### Problem details
Reproduce the entries below exactly, but leave the pictures out.

### Recorded data
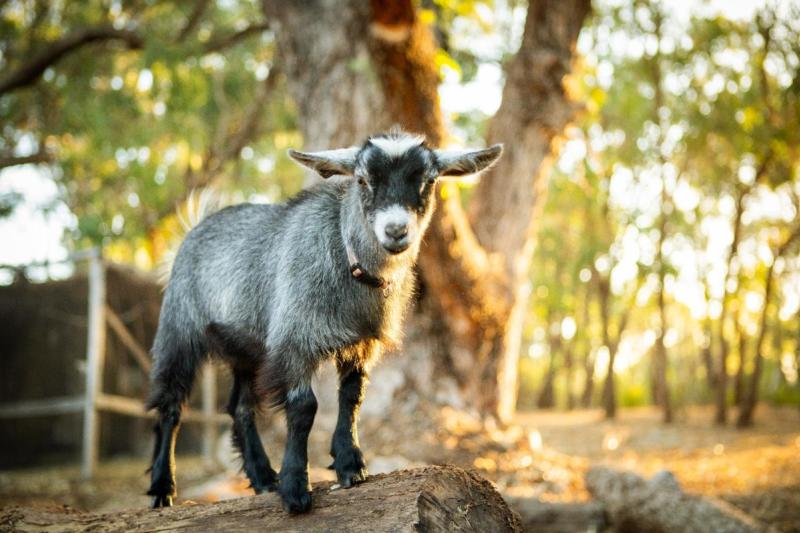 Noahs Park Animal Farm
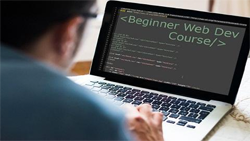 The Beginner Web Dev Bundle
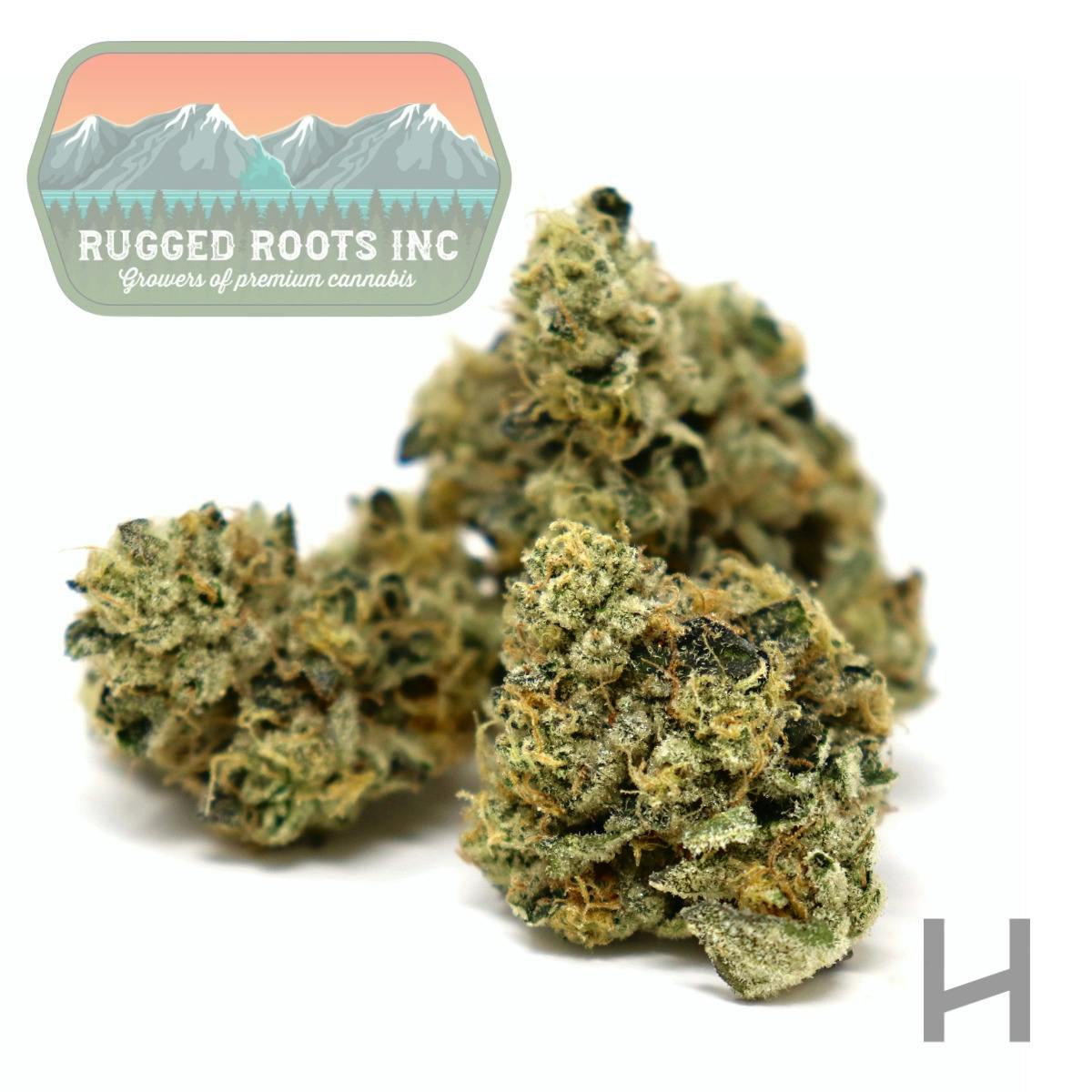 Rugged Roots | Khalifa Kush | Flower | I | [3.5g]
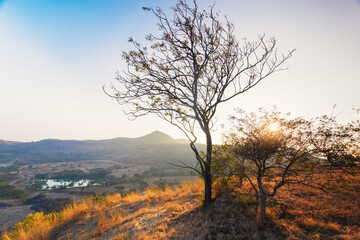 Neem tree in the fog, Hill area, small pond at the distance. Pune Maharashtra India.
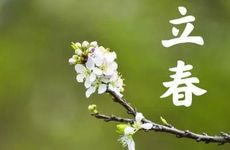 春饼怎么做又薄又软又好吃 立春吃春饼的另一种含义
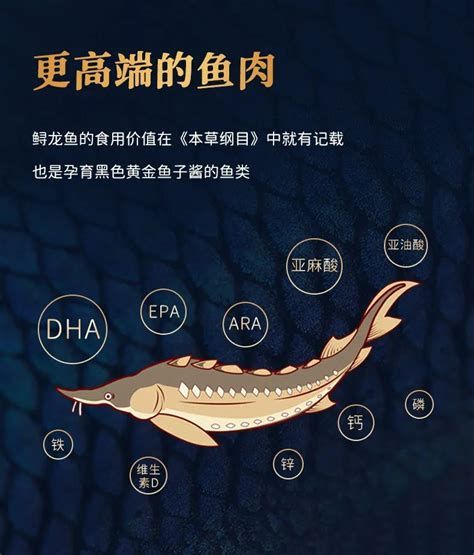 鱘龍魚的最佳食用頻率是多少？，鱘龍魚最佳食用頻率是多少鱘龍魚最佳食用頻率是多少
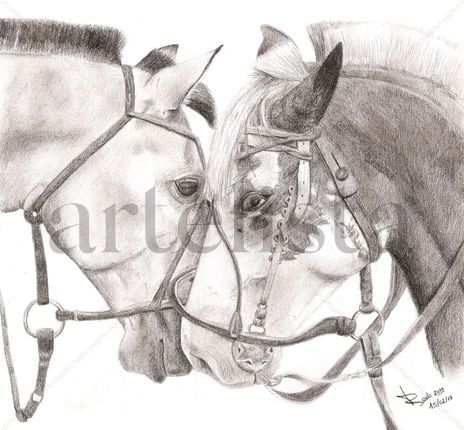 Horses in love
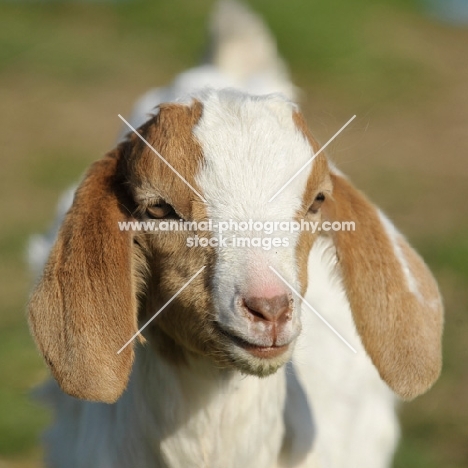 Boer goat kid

### Result of this exercise
 Noahs Park Animal Farm
 The Beginner Web Dev Bundle
 Rugged Roots | Khalifa Kush | Flower | I | [3.5g]
 Neem tree in the fog, Hill area, small pond at the distance. Pune Maharashtra India.
 春饼怎么做又薄又软又好吃 立春吃春饼的另一种含义
 鱘龍魚的最佳食用頻率是多少？，鱘龍魚最佳食用頻率是多少鱘龍魚最佳食用頻率是多少
 Horses in love
 Boer goat kid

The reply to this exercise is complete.